Fin du traité New Start : Washington exige un nouveau pacte incluant Pékin

Fin du traité New Start : Washington exige un nouveau pacte incluant Pékin credit : Thomas DiNanno, sous-secrétaire d'État américain, s'exprimant lors d'une conférence de presse à l'ON

Genève — Une ère de régulation nucléaire s’est achevée cette semaine. Avec l’expiration officielle du traité New Start, les États-Unis ont vivement critiqué vendredi, depuis le siège de l’ONU, un accord jugé obsolète et incomplet, plaidant pour une refonte totale de l’architecture de sécurité mondiale qui intègrerait désormais la Chine.

Washington pointe les « failles » de l’ancien accord

Le vide juridique est désormais acté. Au lendemain de l’expiration du dernier garde-fou nucléaire entre les deux superpuissances, l’administration américaine a justifié sa position par la voix de Thomas DiNanno. Présent à Genève pour la Conférence du désarmement, le sous-secrétaire d’État chargé du contrôle des armements a dressé un bilan sévère du traité de 2010.

Selon le haut diplomate, le texte souffrait de « lacunes » structurelles majeures. La critique principale de Washington reste inchangée : l’absence de la Chine dans les mécanismes de limitation des têtes nucléaires. Thomas DiNanno a rapporté les propos du président Donald Trump, affirmant que ce dernier avait réitéré, pas plus tard que jeudi soir, sa volonté de parvenir à un « meilleur accord ».

Le président Donald Trump lors d'une allocution officielle à la Maison-Blanche, expression sérieuse,

Crédit : The White House (Wikimedia)

« En bref, New START présentait des lacunes, notamment parce qu’il n’incluait pas la Chine », a martelé M. DiNanno devant la presse.

Pékin refuse de s’asseoir à la table des négociations

L’ambition américaine d’élargir le cercle des négociations se heurte toutefois à une fin de non-recevoir de la part de Pékin. La diplomatie chinoise estime que la comparaison des arsenaux ne justifie pas sa participation à ce stade.

Lin Jian, porte-parole du ministère chinois des Affaires étrangères, a clarifié la position de son pays, soulignant l’écart considérable entre les stocks de têtes nucléaires de Pékin et ceux des deux géants de la Guerre froide. « Les capacités nucléaires de la Chine sont à une échelle totalement différente », a-t-il déclaré, excluant toute participation immédiate à des pourparlers tripartites.
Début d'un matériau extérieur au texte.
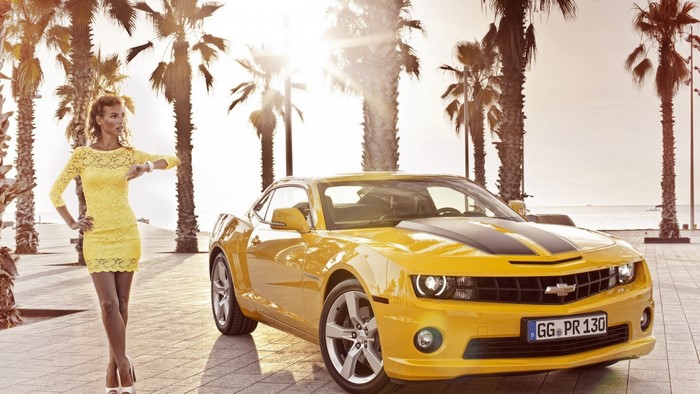 Woman in yellow dress with yellow Chevrolet Camaro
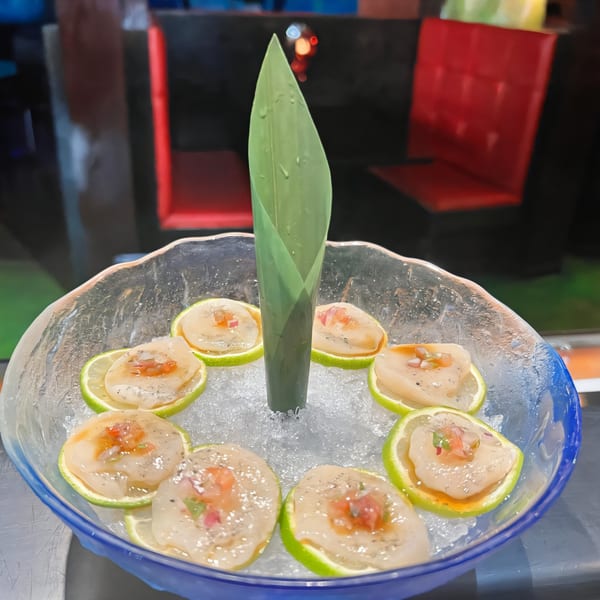 Agami Sushi's scallop sashimi on lime slices, served on ice in a blue glass bowl.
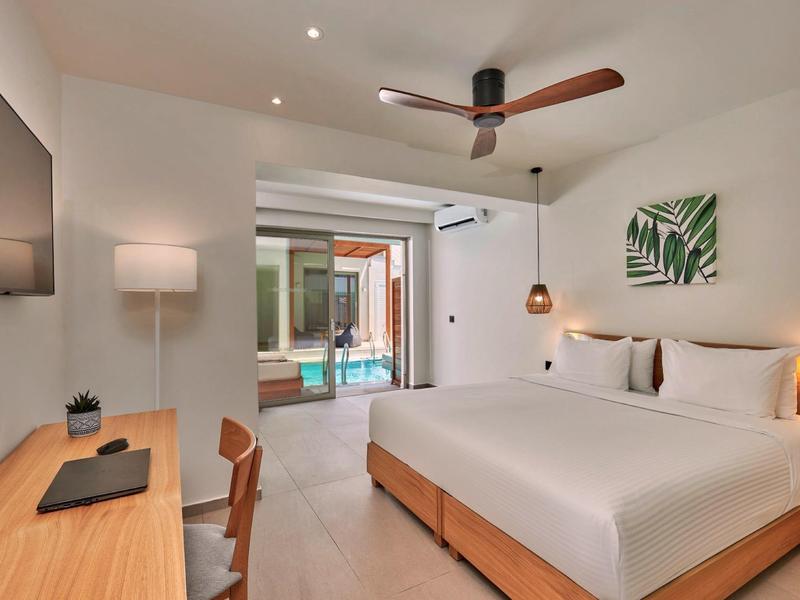 Moderne hotelkamer met tweepersoonsbed, bureau en toegang tot een terras met uitzicht op het zwembad.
Si Moscou et Washington détiennent toujours près de 80 % de l’arsenal nucléaire mondial, les experts notent une modernisation et une augmentation rapide des capacités stratégiques chinoises, alimentant l’insistance américaine.

Le président russe Vladimir Poutine lors d'une réunion au Kremlin, en costume sombre.

Crédit : kremlin.ru (Wikimedia)

Un vide juridique inquiétant

Signé à Prague en 2010, le traité New Start limitait strictement les forces stratégiques déployées : 1 550 têtes nucléaires et 800 vecteurs (missiles et bombardiers) pour chaque partie. Cependant, le mécanisme de vérification, pierre angulaire du texte, était grippé depuis la suspension des inspections en 2023, sur fond de guerre en Ukraine.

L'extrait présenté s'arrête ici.